Like many, I am heartened by and grateful for Attorney General Barr’s visit this year to Alaska, his focus on rural public safety, and putting money where his mouth is by providing $52 million to improve it.
We should match what Uncle Sam is giving us. We need to make a generational change to deal with the ravages caused by decades of alcohol, drug, and sexual abuse, and more.
The governor recently proposed increasing funding for troopers by more than $10 million to pay for 36 new positions, boosting the budget from $129 million to $139 million. That’s good. Of that increase, 15 new troopers are for rural communities: Ambler, Anchor Point, Bethel, Dillingham, Emmonak, Glennallen, Kotzebue, Nome, St. Marys, St. Michaels, and Unalakleet. That’s great!
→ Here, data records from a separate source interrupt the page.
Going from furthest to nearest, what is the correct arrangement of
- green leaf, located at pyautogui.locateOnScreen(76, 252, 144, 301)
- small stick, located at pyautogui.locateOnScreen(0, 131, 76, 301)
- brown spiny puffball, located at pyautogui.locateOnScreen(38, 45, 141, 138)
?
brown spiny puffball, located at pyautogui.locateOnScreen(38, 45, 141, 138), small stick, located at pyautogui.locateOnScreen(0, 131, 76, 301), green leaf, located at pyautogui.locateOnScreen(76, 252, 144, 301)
But he kept funding flat for VPSOs at $11 million – after vetoing $3 million from the $14 million the Legislature approved earlier this year. We must do better.
A legislative working group is putting together recommendations to present next month on how to improve support for VPSOs. We look forward to working with the governor and his team to implement that work as soon as possible. The time to act was yesterday, but it’s my hope that together we can work on making things right fast.
Like Attorney General Barr, we must make this a priority. Like him, we need to step up and put our money where our mouth is.
Click Bishop was elected in 2012 to the Alaska State Senate and represents one of the largest state legislative districts in the country, which includes parts of Fairbanks, Nenana, Denali Borough and the Upper Yukon River region. He serves on the legislative Village Public Safety Officers Working Group.